The lingering bad news in the data is the fact there were only 26.3 million people in the U.S. receiving food stamps as recently as 2007, MarketWatch noted.
Cullen Roche, an author and founder of the Orcam Financial Group, believes the seeds of future problems are contained in the recent drop-off in food stamp usage.
"This might seem like good news, but it's more likely a sign of a late-cycle recovery trend. You see, food stamps are a countercyclical event. And those benefits are most in demand when the economy is at its worst,"
Roche wrote on his Pragmatic Capitalism blog.

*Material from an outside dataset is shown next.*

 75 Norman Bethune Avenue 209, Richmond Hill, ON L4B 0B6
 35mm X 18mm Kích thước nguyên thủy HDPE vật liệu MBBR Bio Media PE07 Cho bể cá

"The fact that this trend is now sharply improving means that the economy is on the mend. But it also means that the economy is late in the cycle of expansion. And so what looks like a positive trend could actually be a sign of something negative developing."
Michael Tanner of the CATO Institute noted the Congressional Budget Office predicts food stamp spending will still be an expensive federal item – about $71 billion annually – a decade from now.
"I think we shouldn't get too excited over short-term trends, up or down. What we need to do is look at the long-term projections,"
Tanner told NPR. "The problem is, we don't go back to pre-recession levels."
Another economic barometer, the number of people using jobless benefits, may also be falling.
The number of Americans collecting unemployment shrank to a seasonally adjusted 312,000 for the week ended June 14 — its lowest level in more than six years,
The Associated Press reported.
"Applications are a proxy for layoffs, so the relatively low number of people seeking benefits shows that employers are letting go of fewer workers. When businesses are confident enough to keep staff, they may also hire more workers," the AP said.